Ce qu'on en pense sur la planète BD :
Dans cette 22ème enquête canardesque, notre célèbre inspecteur zoomorphe est recruté par la grande duchesse du Belgambourg, plus pour ses inattendus talents de diplomate, que pour ses habituelles compétences de policier. On attend en effet de lui qu'il favorise la libération d'une ressortissante prise en otage par des terroristes économiques, dans une ancienne colonie africaine devenue dictature molle et corrompue. La problématique est posée par un phénomène marketing qui met à mal l'économie locale de ce pays sous-développé, à la suite d'un emballement médiatique et pour de populistes prétextes écologiques.
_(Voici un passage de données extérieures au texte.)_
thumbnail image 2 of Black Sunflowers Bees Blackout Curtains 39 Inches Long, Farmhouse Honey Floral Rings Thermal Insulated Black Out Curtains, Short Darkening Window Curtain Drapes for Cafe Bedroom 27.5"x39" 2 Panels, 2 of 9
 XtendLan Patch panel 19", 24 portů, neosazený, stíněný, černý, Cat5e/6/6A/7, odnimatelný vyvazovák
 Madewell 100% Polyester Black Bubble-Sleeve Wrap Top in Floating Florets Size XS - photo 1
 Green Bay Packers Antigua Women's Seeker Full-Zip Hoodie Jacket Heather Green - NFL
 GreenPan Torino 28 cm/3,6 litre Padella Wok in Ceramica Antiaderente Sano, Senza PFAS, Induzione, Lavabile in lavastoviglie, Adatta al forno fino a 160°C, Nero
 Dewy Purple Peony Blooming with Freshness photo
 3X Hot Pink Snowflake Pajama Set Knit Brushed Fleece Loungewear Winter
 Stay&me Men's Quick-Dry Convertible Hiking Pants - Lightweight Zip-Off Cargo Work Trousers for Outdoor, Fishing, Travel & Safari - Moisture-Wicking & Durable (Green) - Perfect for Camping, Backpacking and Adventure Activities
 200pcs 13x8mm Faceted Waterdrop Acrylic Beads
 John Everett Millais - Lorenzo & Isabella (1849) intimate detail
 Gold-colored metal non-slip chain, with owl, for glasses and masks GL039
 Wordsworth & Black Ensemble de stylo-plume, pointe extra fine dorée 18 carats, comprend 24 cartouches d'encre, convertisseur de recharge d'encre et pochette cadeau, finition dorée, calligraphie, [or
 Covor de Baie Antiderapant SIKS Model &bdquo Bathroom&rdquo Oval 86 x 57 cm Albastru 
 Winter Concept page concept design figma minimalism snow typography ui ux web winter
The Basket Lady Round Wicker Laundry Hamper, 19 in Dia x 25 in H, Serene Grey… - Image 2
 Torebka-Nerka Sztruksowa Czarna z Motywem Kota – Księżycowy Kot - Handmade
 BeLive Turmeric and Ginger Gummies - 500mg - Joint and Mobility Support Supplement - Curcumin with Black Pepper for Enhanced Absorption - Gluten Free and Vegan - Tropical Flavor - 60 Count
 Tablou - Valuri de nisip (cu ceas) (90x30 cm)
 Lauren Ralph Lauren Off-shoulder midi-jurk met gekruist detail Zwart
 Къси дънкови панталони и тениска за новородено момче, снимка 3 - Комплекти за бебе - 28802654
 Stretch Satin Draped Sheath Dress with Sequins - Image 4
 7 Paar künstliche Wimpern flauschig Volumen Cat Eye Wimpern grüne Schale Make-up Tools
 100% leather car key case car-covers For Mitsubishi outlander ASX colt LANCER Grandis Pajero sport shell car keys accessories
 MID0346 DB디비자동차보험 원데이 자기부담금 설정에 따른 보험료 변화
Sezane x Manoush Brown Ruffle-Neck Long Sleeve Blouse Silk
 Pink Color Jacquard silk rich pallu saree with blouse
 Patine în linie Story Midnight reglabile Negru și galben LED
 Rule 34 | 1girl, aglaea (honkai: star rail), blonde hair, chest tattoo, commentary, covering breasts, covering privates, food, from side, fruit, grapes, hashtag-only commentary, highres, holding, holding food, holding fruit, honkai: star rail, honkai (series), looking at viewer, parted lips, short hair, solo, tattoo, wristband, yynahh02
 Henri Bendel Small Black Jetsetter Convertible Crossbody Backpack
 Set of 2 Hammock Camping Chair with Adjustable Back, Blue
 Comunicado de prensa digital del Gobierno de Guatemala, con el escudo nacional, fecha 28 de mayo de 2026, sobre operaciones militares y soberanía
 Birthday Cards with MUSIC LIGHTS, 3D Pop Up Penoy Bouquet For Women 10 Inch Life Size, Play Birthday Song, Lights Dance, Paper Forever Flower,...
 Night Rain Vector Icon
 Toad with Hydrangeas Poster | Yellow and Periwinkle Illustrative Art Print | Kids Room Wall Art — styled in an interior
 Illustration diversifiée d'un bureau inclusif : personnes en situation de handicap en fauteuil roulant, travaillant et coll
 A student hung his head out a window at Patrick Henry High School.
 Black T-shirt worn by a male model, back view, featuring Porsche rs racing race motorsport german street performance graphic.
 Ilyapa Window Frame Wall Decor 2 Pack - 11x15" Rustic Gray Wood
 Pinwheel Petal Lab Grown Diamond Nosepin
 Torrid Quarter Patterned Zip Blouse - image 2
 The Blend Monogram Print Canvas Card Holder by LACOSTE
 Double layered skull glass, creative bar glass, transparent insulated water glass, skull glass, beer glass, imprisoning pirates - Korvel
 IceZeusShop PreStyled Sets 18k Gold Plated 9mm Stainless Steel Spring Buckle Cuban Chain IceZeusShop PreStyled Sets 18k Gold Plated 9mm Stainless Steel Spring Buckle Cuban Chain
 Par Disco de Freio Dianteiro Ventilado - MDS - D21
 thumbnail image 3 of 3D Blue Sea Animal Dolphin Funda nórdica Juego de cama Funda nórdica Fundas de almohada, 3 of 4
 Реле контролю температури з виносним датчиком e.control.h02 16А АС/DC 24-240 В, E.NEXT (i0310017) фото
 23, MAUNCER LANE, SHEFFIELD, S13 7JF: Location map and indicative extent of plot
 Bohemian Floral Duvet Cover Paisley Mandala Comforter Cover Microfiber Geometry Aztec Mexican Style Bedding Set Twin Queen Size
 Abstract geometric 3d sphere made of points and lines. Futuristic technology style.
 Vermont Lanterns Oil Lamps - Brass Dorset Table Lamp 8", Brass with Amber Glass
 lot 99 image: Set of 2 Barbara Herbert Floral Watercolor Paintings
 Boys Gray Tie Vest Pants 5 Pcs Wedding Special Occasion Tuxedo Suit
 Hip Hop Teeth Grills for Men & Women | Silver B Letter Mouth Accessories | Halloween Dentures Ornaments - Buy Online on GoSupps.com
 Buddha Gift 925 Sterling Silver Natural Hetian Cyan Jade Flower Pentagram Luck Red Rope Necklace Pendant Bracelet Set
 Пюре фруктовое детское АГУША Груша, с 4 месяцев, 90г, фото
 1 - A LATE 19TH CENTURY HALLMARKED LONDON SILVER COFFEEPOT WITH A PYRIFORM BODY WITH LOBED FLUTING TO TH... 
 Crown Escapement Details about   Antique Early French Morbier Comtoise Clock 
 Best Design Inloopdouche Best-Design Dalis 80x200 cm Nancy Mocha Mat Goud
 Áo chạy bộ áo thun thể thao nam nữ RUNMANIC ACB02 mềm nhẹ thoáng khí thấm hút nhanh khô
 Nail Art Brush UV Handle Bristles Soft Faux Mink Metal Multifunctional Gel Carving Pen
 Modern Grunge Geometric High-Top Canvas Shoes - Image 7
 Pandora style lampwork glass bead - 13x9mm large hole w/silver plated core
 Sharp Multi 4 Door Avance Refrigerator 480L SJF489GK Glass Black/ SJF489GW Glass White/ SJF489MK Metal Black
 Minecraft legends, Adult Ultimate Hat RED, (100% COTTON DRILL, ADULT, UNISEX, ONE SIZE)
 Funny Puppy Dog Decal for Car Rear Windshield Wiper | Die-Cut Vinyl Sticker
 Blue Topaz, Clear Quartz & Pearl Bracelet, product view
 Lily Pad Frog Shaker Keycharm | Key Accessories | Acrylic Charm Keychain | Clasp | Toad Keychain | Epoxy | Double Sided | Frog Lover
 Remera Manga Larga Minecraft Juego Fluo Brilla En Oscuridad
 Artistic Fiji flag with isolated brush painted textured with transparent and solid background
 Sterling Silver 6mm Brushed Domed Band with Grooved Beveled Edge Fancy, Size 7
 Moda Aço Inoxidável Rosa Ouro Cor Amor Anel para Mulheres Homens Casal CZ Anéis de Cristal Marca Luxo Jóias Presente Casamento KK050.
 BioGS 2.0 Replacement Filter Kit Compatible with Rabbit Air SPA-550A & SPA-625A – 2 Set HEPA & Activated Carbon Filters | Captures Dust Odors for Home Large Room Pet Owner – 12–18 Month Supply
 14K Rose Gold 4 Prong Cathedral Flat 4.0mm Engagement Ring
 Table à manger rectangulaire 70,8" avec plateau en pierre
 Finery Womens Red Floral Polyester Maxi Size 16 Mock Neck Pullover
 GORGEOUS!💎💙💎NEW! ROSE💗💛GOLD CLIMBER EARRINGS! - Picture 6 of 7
Comme si le succès du film d'animation Némo recroisait l'aberrant scandale de la perche du Nil. Ici, comme c'est aujourd'hui le cas dans la majorité des « affaires » dont sa galvanisent les actualités, le système médiatique monte en épingle les débats, laisse se répercuter les amalgames dans l'opinion publique, adopte le porte-parole qui accroche la mieux lumière et pas forcément le plus légitime pour le rôle. Avec la dénonciation de ce prisme médiatique devenu débile, les co-auteurs Benoît Sokal et Pascal Regnauld adoptent donc un propos fort et pertinent, bien que peu évident à rythmer sur le canevas d'une aventure classique. La forte densité des dialogues – bien sentis mais bavards – délaye de beaucoup le fil conducteur. Décentralisé sous le soleil, mais toujours en trench-coat façon polar noir à la Humphrey Bogart, Canardo trimbale son cynisme de manière passive, sans en faire des caisses, au détriment d'un rythme narratif tout à fait emballant. Néanmoins toujours soigné, le dessin insiste sur les expressions désabusées des protagonistes et la grise austérité des décors, même sous les tropiques (les bidonvilles remplacent l'insalubrité urbaine).